SwarmKit debugging tools

  • The SwarmKit repository comes with debugging tools

  • They are low level tools; not for general use

  • We are going to see two of these tools:

    • swarmctl, to communicate directly with the SwarmKit API

    • swarm-rafttool, to inspect the content of the Raft log

Building the SwarmKit tools

  • We are going to install a Go compiler, then download SwarmKit source and build it
  • Download, compile, and install SwarmKit with this one-liner:
    docker run -v /usr/local/bin:/go/bin golang \
           go get `-v` github.com/docker/swarmkit/...
    

Remove -v if you don't like verbose things.

Shameless promo: for more Go and Docker love, check this blog post!

Note: in the unfortunate event of SwarmKit master branch being broken, the build might fail. In that case, just skip the Swarm tools section.

Getting cluster-wide task information

  • The Docker API doesn't expose this directly (yet)

  • But the SwarmKit API does

  • We are going to query it with swarmctl

  • swarmctl is an example program showing how to interact with the SwarmKit API

Using swarmctl

  • The Docker Engine places the SwarmKit control socket in a special path

  • You need root privileges to access it

  • If you are using Play-With-Docker, set the following alias:

      alias swarmctl='/lib/ld-musl-x86_64.so.1 /usr/local/bin/swarmctl \
                      --socket /var/run/docker/swarm/control.sock'
    
  • Otherwise, set the following alias:

      alias swarmctl='sudo swarmctl \
                      --socket /var/run/docker/swarm/control.sock'
    

swarmctl in action

  • Let's review a few useful swarmctl commands
  • List cluster nodes (that's equivalent to docker node ls):

    swarmctl node ls
    
  • View all tasks across all services:

    swarmctl task ls
    

swarmctl notes

  • SwarmKit is vendored into the Docker Engine

  • If you want to use swarmctl, you need the exact version of SwarmKit that was used in your Docker Engine

  • Otherwise, you might get some errors like:

    Error: grpc: failed to unmarshal the received message proto: wrong wireType = 0
    
  • With Docker 1.12, the control socket was in /var/lib/docker/swarm/control.sock

swarm-rafttool

  • SwarmKit stores all its important data in a distributed log using the Raft protocol

    (This log is also simply called the "Raft log")
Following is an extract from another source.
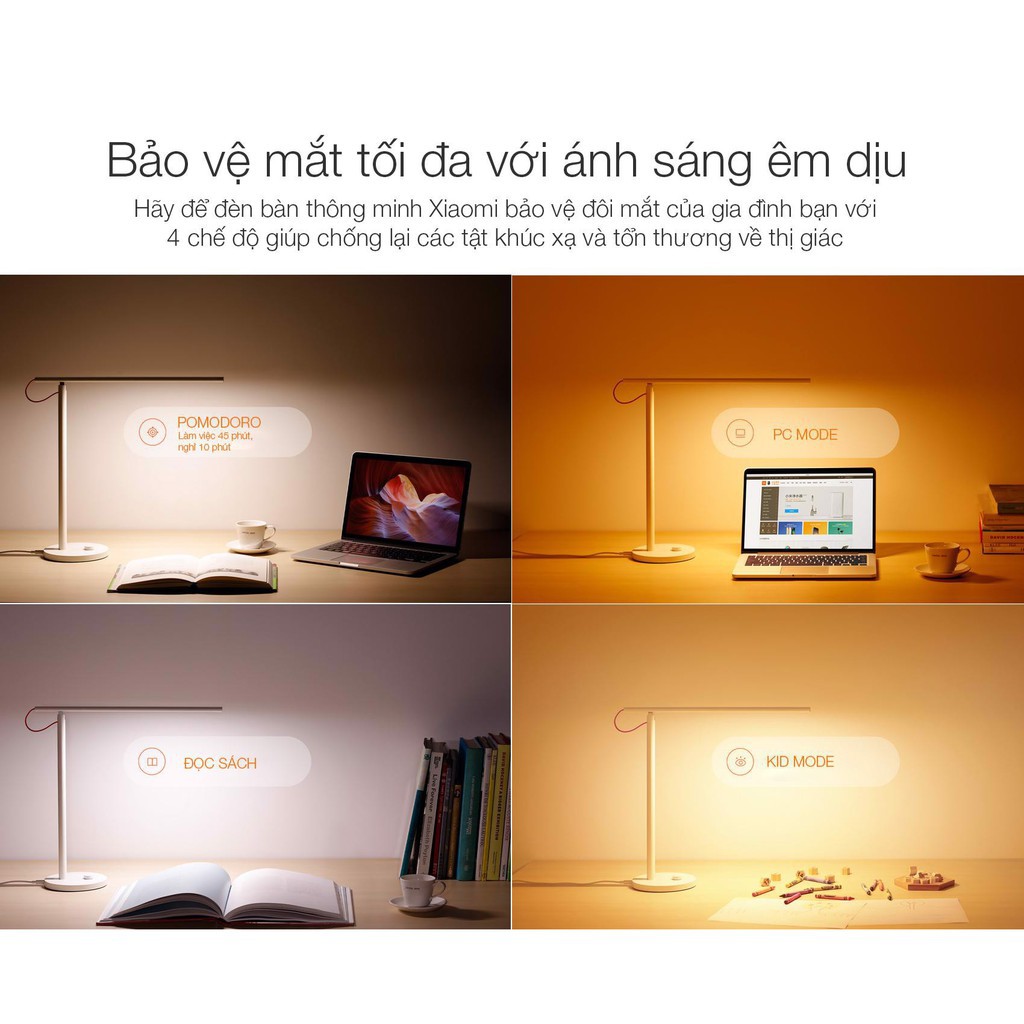 Đèn bàn thông minh kết nỗi MiHome Xiaomi Desk lamp Mi LED Bản Quốc tế MUE4087GL  - Minh Tín Shop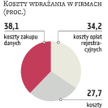 Wysokie koszty wdrażania unijnych norm w branży chemicznej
  • You can decode that log with swarm-rafttool

  • This is a great tool to understand how SwarmKit works

  • It can also be used in forensics or troubleshooting

    (But consider it as a very low level tool!)

The powers of swarm-rafttool

With swarm-rafttool, you can:

  • view the latest snapshot of the cluster state;

  • view the Raft log (i.e. changes to the cluster state);

  • view specific objects from the log or snapshot;

  • decrypt the Raft data (to analyze it with other tools).

It cannot work on live files, so you must stop Docker or make a copy first.

Using swarm-rafttool

  • First, let's make a copy of the current Swarm data
  • If you are using Play-With-Docker, the Docker data directory is /graph:
    cp -r /graph/swarm /swarmdata
    
  • Otherwise, it is in the default /var/lib/docker:
    sudo cp -r /var/lib/docker/swarm /swarmdata
    

Dumping the Raft log

  • We have to indicate the path holding the Swarm data

    (Otherwise swarm-rafttool will try to use the live data, and complain that it's locked!)

  • If you are using Play-With-Docker, you must use the musl linker:
    /lib/ld-musl-x86_64.so.1 /usr/local/bin/swarm-rafttool -d /swarmdata/ dump-wal
    
  • Otherwise, you don't need the musl linker but you need to get root:
    sudo swarm-rafttool -d /swarmdata/ dump-wal
    

Reminder: this is a very low-level tool, requiring a knowledge of SwarmKit's internals!